1. ## Population growth model

The question

The simple population growth model, $\frac{dy}{dt} = ky$ (because of limitation on resources, pollution, ...) is unsatisfactory over a 'long' period. We might look at

$\frac{dy}{dt} = k(y)y$ ...........(1)

(which of course ignores seasonal and other variations with time). Mathematically one of the simplest assumptions we can make is that k(y) decreases linearly as y increases. In this case (1) may be written in the form

$\frac{dy}{dt} = k(1 - \frac{y}{K})y$, ...........(2)
where k and K are constants.

a) i) Equation (2) has two constant (stationary) solutions. What are they?

I'm not sure how to calculate this. Do I have to solve the ODE? Or is there an obvious method? Thanks.

2. Hmm, I think I get it now. I just need find values of 'y' to make the RHS zero?

3. Originally Posted by Glitch

$\frac{dy}{dt} = k(1 - \frac{y}{K})y$, ...........(2)
where k and K are constants.

a) i) Equation (2) has two constant (stationary) solutions. What are they?

I'm not sure how to calculate this. Do I have to solve the ODE?
This is worth solving, separate, decompose with partial fractions and integrate.

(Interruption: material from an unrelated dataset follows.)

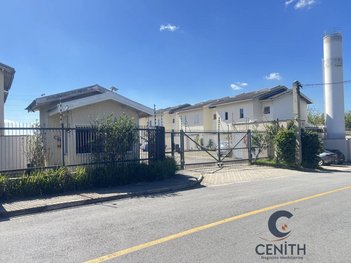 house em Estrada Normândia, Jardim Pioneiro - Cotia - SP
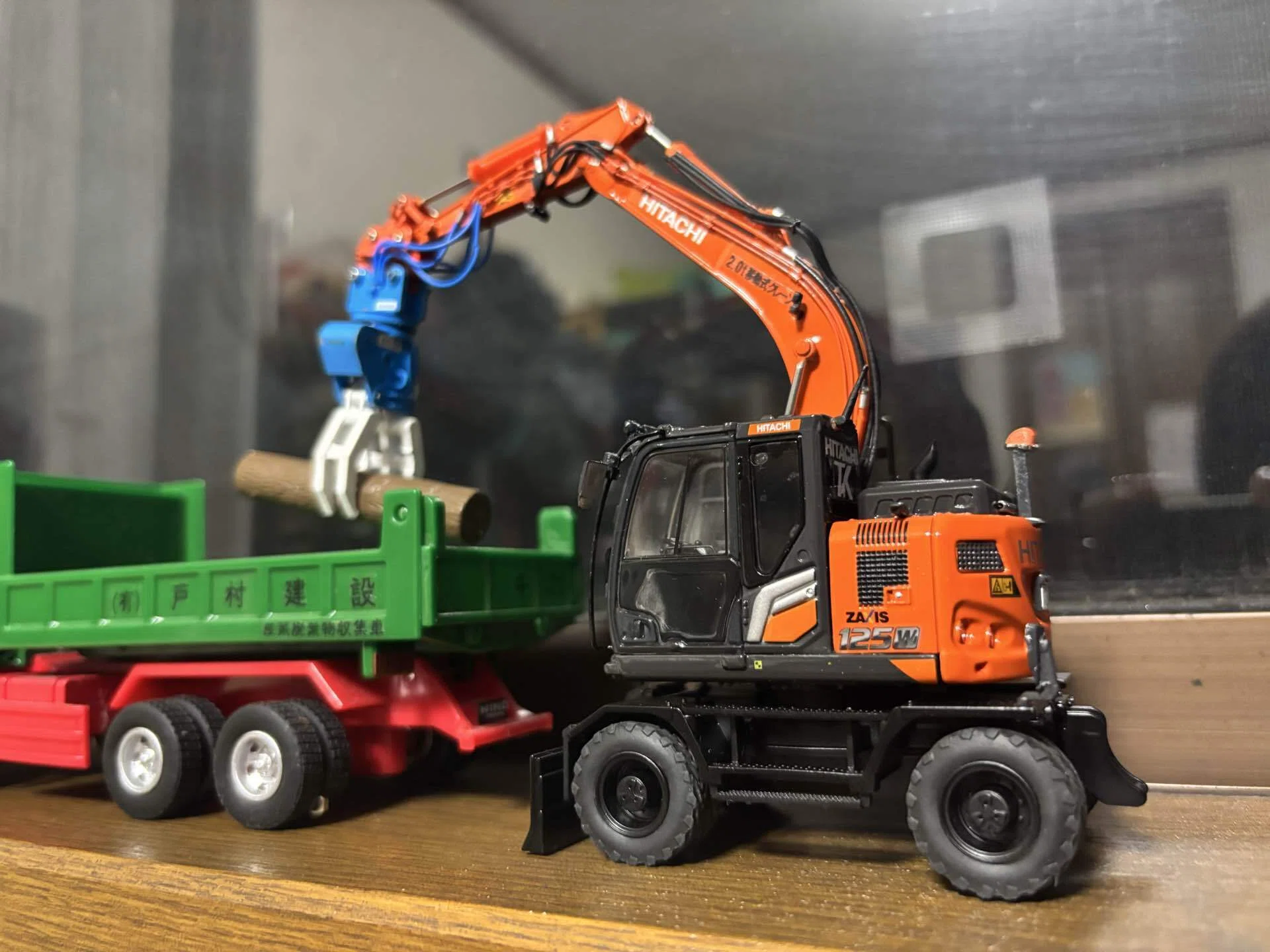 日立建機日本 ZX125W-7 1/50が完成！✨｜minato.excavator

Then look at solutions for $\pm K$

4. Ok, I tried to do that, and I got this:

$\frac{1}{y(1-\frac{y}{K})}dy = k dt$
$\frac{A}{y} + \frac{B}{(1 - \frac{y}{K})} = \frac{1}{y(1-\frac{y}{K})}}$

So we get:
A = 1
B = $\frac{1}{K}$

$\int{\frac{1}{y} + \frac{1}{K(1-\frac{y}{K})}$ = kt + C

$ln(y) + \int{\frac{1}{K - y}} = kt + C$

$ln(\frac{y}{K - y}) = kt + C$

Take the exponential of each side:

$\frac{y}{K - y} = e^{kt + C}$

$y = e^{kt + C}(K - y)$

Is this right so far? Thanks.

5. However, to answer the question asked, "i) Equation (2) has two constant (stationary) solutions. What are they?", a "stationary solution" is a constant solution, dy/dt= 0 so, yes, just set the right side of the equation equal to 0: solve $k\left(1- \frac{y}{K}\right)y= 0$.